*Assignment*
Of the material below, only the lines from the line containing "Rugby player preparing" down to the line containing "ein Wohnzimmer mit einem" belong in the answer, written out exactly.

*Information given*
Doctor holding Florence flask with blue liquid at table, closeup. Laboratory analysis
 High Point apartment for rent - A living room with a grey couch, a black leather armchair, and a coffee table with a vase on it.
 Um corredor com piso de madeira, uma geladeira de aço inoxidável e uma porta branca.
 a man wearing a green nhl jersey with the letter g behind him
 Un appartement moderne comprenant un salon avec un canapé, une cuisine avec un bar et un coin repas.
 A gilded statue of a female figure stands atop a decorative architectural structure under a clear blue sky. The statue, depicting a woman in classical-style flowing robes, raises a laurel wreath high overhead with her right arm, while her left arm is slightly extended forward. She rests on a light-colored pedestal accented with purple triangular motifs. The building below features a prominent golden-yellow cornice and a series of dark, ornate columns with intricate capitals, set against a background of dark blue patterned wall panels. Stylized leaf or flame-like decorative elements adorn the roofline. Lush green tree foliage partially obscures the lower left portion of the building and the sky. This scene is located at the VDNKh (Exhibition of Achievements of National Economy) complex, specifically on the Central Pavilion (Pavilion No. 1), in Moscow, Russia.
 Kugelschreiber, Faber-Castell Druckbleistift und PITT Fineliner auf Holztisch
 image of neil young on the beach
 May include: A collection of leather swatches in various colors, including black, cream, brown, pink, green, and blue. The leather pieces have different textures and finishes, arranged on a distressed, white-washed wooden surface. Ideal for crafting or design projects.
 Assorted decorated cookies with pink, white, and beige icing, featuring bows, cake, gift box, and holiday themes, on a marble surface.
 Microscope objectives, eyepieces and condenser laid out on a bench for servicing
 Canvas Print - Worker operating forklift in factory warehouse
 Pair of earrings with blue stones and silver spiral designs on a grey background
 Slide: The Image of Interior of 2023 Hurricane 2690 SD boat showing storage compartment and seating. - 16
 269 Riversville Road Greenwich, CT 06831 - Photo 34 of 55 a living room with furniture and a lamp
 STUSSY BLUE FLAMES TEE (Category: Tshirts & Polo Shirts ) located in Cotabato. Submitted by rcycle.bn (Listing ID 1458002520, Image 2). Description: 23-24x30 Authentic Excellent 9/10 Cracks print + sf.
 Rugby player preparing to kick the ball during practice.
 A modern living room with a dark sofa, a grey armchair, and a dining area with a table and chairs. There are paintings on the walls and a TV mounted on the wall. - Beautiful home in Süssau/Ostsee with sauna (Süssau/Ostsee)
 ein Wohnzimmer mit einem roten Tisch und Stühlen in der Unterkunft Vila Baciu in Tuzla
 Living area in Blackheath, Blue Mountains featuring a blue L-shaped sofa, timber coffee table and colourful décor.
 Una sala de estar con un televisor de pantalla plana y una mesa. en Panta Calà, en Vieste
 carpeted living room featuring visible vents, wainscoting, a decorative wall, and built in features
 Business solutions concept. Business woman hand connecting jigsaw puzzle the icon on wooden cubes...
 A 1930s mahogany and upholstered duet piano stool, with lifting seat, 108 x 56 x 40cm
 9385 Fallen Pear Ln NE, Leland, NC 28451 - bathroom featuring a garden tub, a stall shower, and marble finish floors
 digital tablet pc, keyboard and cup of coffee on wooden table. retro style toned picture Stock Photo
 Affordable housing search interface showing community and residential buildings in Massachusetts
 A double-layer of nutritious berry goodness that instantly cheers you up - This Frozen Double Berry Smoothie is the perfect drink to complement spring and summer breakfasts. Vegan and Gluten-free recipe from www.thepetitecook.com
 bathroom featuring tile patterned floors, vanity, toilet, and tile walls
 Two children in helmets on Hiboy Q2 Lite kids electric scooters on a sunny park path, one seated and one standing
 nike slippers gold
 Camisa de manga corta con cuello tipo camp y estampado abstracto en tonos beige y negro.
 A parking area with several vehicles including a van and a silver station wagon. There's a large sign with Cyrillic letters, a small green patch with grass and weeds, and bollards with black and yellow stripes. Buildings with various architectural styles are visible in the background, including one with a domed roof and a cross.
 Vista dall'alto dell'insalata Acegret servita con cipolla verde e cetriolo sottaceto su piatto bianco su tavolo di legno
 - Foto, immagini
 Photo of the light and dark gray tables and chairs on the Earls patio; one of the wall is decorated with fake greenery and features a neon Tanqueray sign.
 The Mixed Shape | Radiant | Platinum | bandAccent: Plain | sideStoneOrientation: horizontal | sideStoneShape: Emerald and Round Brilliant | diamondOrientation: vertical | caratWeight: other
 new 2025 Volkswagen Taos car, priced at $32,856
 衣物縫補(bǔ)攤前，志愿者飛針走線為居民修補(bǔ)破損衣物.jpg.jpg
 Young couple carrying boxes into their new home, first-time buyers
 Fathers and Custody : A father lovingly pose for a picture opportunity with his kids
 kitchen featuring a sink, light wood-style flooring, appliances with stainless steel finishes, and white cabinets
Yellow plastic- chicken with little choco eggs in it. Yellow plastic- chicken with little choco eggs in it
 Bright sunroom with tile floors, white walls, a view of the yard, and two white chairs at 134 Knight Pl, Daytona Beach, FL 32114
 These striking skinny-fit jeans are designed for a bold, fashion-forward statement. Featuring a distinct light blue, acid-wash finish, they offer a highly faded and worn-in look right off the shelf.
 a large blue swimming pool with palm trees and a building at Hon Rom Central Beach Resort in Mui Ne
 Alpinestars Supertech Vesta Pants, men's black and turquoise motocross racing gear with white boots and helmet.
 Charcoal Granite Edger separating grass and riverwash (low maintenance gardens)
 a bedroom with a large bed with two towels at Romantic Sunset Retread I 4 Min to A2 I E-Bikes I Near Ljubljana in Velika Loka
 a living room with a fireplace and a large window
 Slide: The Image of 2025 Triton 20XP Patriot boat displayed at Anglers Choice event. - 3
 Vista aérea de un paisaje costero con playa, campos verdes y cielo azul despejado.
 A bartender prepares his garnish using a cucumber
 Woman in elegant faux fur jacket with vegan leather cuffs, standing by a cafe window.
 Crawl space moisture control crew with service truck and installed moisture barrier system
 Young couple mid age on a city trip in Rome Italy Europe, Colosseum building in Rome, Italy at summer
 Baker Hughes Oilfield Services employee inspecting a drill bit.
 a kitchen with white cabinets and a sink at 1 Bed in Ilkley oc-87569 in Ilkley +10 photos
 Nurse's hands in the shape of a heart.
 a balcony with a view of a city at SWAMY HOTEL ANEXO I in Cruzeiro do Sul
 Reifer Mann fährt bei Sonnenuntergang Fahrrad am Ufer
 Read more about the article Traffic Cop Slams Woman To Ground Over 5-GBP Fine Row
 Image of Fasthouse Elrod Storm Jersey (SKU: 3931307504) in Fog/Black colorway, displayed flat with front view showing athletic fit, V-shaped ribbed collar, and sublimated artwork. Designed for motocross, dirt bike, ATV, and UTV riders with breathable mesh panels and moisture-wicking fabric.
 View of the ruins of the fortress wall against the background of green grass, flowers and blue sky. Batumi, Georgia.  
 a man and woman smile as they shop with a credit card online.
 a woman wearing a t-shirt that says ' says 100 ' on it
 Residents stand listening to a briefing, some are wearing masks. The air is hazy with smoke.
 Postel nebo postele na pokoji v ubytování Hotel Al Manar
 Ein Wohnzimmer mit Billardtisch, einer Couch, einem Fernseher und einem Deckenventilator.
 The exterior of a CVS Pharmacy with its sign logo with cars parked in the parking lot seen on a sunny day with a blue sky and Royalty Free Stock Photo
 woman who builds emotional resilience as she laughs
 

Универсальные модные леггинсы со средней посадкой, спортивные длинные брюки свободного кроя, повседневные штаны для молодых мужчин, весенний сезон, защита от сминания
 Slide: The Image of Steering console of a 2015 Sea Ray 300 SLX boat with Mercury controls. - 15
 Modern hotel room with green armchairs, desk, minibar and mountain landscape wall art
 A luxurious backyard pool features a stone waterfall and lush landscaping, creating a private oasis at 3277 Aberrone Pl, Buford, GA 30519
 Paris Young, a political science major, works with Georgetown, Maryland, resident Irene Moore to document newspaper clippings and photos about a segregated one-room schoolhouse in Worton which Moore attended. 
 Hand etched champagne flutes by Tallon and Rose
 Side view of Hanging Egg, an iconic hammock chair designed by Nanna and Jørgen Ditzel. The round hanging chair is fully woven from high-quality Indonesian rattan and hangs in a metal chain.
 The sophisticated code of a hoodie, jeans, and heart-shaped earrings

*Answer area*
 Rugby player preparing to kick the ball during practice.
 A modern living room with a dark sofa, a grey armchair, and a dining area with a table and chairs. There are paintings on the walls and a TV mounted on the wall. - Beautiful home in Süssau/Ostsee with sauna (Süssau/Ostsee)
 ein Wohnzimmer mit einem roten Tisch und Stühlen in der Unterkunft Vila Baciu in Tuzla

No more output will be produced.